LAWRENCE — Janet Szostak had just finished voting at the South Lawrence East School yesterday when she said she had one more thing to do — sign an affidavit to help jump start another recall against Mayor William Lantigua.
"I don't think he's doing a good job," said Szostak, a resident of the city for 66 years. "Lawrence was a wonderful city and now is full of corruption."
The affidavit she signed was actually the third such one circulated since last summer when Lantigua opponents failed in their first attempt to oust the mayor.
Efforts by Uniting Lawrence to start a second recall were stalled last Friday when City Attorney Charles Boddy said the affidavit submitted by the group with more than 100 signatures of registered voters could not be accepted because it was not notarized.
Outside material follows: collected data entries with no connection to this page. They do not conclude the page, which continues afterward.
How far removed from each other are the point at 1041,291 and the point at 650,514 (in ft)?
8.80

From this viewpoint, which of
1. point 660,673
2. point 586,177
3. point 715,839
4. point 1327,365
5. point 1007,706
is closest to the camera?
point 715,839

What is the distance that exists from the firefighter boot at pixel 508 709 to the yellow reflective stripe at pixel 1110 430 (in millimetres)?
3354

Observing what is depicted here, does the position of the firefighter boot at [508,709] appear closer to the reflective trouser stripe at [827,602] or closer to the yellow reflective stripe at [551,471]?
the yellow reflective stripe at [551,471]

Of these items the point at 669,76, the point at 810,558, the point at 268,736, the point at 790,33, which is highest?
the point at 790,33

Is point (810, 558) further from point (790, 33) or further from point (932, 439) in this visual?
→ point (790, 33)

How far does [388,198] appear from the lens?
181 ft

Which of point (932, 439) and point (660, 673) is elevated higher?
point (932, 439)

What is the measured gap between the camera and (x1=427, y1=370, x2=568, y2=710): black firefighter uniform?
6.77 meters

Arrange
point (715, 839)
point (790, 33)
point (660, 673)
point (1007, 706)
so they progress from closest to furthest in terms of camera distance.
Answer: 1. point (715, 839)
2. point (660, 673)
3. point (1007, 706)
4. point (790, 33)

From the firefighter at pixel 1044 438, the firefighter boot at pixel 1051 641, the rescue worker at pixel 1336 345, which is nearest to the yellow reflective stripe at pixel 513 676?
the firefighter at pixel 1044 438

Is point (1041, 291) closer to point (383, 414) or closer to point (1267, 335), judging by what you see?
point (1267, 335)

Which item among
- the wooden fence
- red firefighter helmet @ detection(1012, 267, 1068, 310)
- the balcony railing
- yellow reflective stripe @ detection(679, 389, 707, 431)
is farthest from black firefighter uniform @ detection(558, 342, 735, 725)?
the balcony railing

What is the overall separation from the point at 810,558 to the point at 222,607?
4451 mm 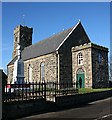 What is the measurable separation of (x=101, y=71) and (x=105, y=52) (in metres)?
3.42

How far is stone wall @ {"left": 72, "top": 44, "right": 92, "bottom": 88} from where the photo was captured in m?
27.9

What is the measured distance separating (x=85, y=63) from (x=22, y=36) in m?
28.6

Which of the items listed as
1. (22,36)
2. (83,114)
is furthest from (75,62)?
(22,36)

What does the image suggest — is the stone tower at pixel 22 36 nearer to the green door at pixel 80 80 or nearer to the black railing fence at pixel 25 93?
the green door at pixel 80 80

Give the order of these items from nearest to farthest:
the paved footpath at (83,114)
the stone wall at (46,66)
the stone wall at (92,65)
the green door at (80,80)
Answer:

Uniting Lawrence was hoping to take advantage of yesterday's general election to gather the 5,232 signatures needed for the recall to happen, but had to go back to gathering signatures on a third affidavit.
"That wasn't going to stop us whatsoever," said Josue Hernandez, president of Uniting Lawrence. "It was only a minor setback and we're working very hard to try again."
Hernandez took the day off yesterday from his job as a property manager and was at South Lawrence East School by 7 a.m. when the polls opened.
Uniting Lawrence drafted a new affidavit notarized by Julio Pinhero. Hernandez said the group collected more than 300 signatures yesterday.
"It was great and overwhelming to see," Hernandez said. "What happened with the clerk got people pretty mad. They saw the motives behind it, and action speaks louder than words."
Hernandez and other volunteers were holding bright orange signs that read "Recall Mayor Lantigua" printed in black. At the bottom was the group's name Uniting Lawrence with a sketch of the Ayer Mill tower and a blazing sun.